Tra Francia e Cina un rapporto d’affari

Ecosì, dopo cinque anni di assenza, il leader cinese Xi Jinping è tornato in Europa. Anche se sarebbe meglio dire che è tornato in Francia, visto che le altre due tappe erano in Serbia (ricorrevano tra l’altro i 25 anni del bombardamento Nato sull’ambasciata cinese di Belgrado) e in Ungheria, che non possono essere considerate i casi più tipici della galassia europea. In Francia, si diceva, per celebrare i sessant’anni delle relazioni diplomatiche ma soprattutto per sancire il principio, caro alla Cina che il commercio e gli affari guariscono tutti i mali.

Da questo punto di vista Pechino ha scelto con la solita sottigliezza.
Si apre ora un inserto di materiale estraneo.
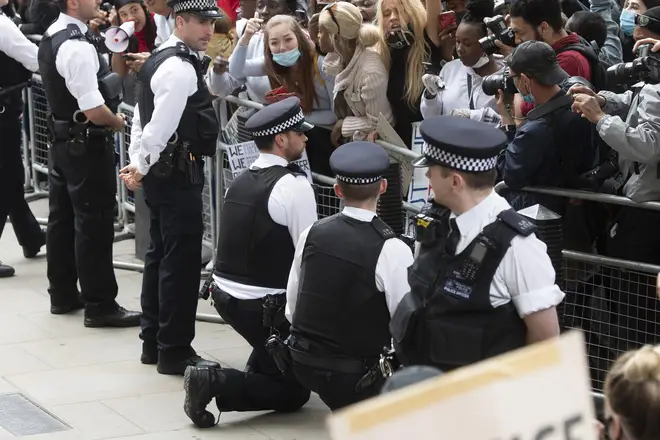 Two officers kneel down in front of protesters at Downing Street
L’Italia, che aveva aderito al progetto della Nuova Via della Seta con il governo Conte e se n’è ritirata con il governo Meloni anche per le pressioni degli Usa, è stata saltata a piè pari. Il nuovo interlocutore della Cina per l’Europa è la Francia di Emmanuel Macron, che alla Via della Seta non ha mai aderito ma ha sufficiente cinismo e orgoglio per andare senza troppo rumore contro i principi che afferma ad alta voce. Indicativo l’incipit macroniano all’incontro con Xi: parleremo di commercio, concorrenza, finanza, mercati... e poi anche di Ucraina e Medio Oriente. Non male per il presidente che poche ore prima invitava (di nuovo) a mandare truppe europee in Ucraina.

Senza gridarlo sui tetti, Macron e Xi Jinping si sono incontrati anche per facilitare la conclusione di un mega accordo di cui si discute da tempo: la fornitura da parte di Airbus, l’azienda europea (con forti interessi francesi) che è ormai il primo produttore di aerei al mondo e che l’anno scorso ha firmato per la costruzione di una seconda catena di montaggio in Cina, di centinaia di velivoli per il secondo mercato aeronautico mondiale, quello cinese appunto. E su questa linea, appena mascherata dai ricevimenti e dalle visite culturali della signora Brigitte e della signora Peng Liyuan, è proseguito il summit tra i due presidenti. Il pur asfittico mercato europeo dell’auto elettrica stenta a contenere l’offensiva dei modelli cinesi a basso costo, che sono ormai uno su quattro tra quelli circolanti, e la Cina domina la produzione dei dispositivi necessari alla mobilità elettrica? Bene, le industrie francesi siglano una serie di accordi con quelle cinesi per l’assemblaggio e il riciclo delle batterie. Certo, Macron potrà dire ai francesi di aver ottenuto nuovi posti di lavoro. Buon per la Francia, ma tutto questo che cos’ha a che fare con l’Europa?

Dal canto suo, Xi Jinping porta a casa la riaffermazione di quella che a Pechino considerano, prima che una filosofia politica, una regola di buon senso: potete dare la caccia ai nostri hacker e alle nostre spie, criticarci per Hong Kong e per gli uiguri, ammonirci per Taiwan, mettere dazi alle nostre merci, ma se volete far girare l’economia prima o poi dovrete passare da noi. Si tratta, fuor di dubbio, di una delle conquiste del decennio di potere di Xi Jinping, tutto dedito a sviluppare la Cina dal punto di vista tecnologico e a far crescere il suo peso nei settori strategici.

Forte di questa condizione, il leader cinese ha potuto ignorare i ripetuti appelli a smettere di aiutare la Russia, che in Cina trova quasi tutto ciò che l’Occidente le nega. Acquisti di gas e petrolio russi a parte, l’esportazione cinese verso la Russia di beni a doppio impiego (civile e militare) è cresciuto del 60% dal giorno dell’invasione. Un contributo alla causa del Cremlino che, come abbiamo visto in questi due anni e mezzo, è riuscito a vanificare il pur notevole contributo occidentale (siamo ormai sui 280 miliardi di dollari) alla causa dell’Ucraina.